Scanning the entire set of processes in wakeup is inefficient. A better solution is to replace the chan in both sleep and wakeup with a data structure that holds a list of processes sleeping on that structure, such as Linux’s wait queue. Plan 9’s sleep and wakeup call that structure a rendezvous point. Many thread libraries refer to the same structure as a condition variable; in that context, the operations sleep and wakeup are called wait and signal. All of these mechanisms share the same flavor: the sleep condition is protected by some kind of lock dropped atomically during sleep.

The implementation of wakeup wakes up all processes that are waiting on a particular channel, and it might be the case that many processes are waiting for that particular channel. The operating system will schedule all these processes and they will race to check the sleep condition. Processes that behave in this way are sometimes called a thundering herd, and it is best avoided.
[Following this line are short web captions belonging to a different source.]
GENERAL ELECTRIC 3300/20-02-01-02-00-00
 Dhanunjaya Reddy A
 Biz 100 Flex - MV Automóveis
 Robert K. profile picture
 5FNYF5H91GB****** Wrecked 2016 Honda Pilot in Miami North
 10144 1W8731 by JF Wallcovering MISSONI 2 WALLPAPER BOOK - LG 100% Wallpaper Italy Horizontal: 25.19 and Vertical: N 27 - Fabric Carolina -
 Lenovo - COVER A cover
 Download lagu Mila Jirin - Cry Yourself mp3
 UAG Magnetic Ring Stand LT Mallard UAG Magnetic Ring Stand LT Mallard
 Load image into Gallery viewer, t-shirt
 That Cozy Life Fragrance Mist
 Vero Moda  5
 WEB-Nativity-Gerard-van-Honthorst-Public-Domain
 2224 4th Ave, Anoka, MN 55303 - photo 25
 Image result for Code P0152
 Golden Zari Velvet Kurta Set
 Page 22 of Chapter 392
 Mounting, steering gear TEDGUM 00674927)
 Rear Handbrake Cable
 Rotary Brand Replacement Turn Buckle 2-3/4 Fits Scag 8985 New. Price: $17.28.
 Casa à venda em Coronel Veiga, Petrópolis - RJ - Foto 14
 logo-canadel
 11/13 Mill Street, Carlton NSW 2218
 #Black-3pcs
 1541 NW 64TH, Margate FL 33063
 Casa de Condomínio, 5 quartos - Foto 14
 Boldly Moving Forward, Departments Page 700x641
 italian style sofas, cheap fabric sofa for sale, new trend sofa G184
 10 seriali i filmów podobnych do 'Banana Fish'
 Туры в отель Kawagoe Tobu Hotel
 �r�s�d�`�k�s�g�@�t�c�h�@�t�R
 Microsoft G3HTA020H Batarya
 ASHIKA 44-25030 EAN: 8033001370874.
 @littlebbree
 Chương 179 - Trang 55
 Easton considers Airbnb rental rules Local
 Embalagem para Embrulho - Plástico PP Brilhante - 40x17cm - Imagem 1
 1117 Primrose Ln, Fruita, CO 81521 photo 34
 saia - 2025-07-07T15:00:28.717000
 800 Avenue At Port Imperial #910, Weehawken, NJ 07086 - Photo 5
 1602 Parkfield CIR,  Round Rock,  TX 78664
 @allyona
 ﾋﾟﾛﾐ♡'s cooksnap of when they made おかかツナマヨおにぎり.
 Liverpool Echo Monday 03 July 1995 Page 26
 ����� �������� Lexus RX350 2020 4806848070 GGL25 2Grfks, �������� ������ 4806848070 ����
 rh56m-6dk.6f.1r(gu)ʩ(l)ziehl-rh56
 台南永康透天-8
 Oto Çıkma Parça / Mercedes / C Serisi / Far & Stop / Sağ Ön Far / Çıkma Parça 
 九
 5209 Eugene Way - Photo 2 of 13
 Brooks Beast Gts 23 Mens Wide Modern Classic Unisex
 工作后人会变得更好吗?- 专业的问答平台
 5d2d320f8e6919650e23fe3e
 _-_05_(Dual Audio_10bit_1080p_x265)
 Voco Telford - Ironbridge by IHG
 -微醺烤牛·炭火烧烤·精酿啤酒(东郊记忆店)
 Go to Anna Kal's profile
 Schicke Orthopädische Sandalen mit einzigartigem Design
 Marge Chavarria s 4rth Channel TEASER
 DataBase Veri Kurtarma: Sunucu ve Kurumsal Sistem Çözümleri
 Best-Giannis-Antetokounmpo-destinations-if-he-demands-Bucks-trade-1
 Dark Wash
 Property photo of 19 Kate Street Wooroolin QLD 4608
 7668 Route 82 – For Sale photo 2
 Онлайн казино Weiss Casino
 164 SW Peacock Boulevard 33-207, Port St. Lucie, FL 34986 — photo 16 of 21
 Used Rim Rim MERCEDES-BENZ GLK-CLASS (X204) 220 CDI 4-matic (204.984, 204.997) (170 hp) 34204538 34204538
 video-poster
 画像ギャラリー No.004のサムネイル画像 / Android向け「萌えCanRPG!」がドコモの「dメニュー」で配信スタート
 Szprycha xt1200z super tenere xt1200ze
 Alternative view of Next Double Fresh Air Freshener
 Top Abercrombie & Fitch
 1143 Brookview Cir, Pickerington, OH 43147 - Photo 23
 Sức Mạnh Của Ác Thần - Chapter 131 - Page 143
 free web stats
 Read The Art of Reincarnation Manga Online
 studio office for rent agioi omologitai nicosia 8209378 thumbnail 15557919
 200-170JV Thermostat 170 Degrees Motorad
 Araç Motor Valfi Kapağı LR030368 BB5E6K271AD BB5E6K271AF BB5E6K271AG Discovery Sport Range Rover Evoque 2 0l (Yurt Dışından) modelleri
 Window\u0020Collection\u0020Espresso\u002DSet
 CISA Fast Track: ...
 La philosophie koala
Most condition variables have two primitives for wakeup: signal, which wakes up one process, and broadcast, which wakes up all waiting processes.

Semaphores are often used for synchronization. The count typically corresponds to something like the number of bytes available in a pipe buffer or the number of zombie children that a process has. Using an explicit count as part of the abstraction avoids the “lost wakeup” problem: there is an explicit count of the number of wakeups that have occurred. The count also avoids the spurious wakeup and thundering herd problems.

Terminating processes and cleaning them up introduces much complexity in xv6. In most operating systems it is even more complex, because, for example, the victim process may be deep inside the kernel sleeping, and unwinding its stack requires care, since each function on the call stack may need to do some clean-up. Some languages help out by providing an exception mechanism, but not C. Furthermore, there are other events that can cause a sleeping process to be woken up, even though the event it is waiting for has not happened yet. For example, when a Unix process is sleeping, another process may send a signal to it. In this case, the process will return from the interrupted system call with the value -1 and with the error code set to EINTR. The application can check for these values and decide what to do. Xv6 doesn’t support signals and this complexity doesn’t arise.

Xv6’s support for kill is not entirely satisfactory: there are sleep loops which probably should check for p->killed. A related problem is that, even for sleep loops that check p->killed, there is a race between sleep and kill; the latter may set p->killed and try to wake up the victim just after the victim’s loop checks p->killed but before it calls sleep. If this problem occurs, the victim won’t notice the p->killed until the condition it is waiting for occurs. This may be quite a bit later or even never (e.g., if the victim is waiting for input from the console, but the user doesn’t type any input).

A real operating system would find free proc structures with an explicit free list in constant time instead of the linear-time search in allocproc; xv6 uses the linear scan for simplicity.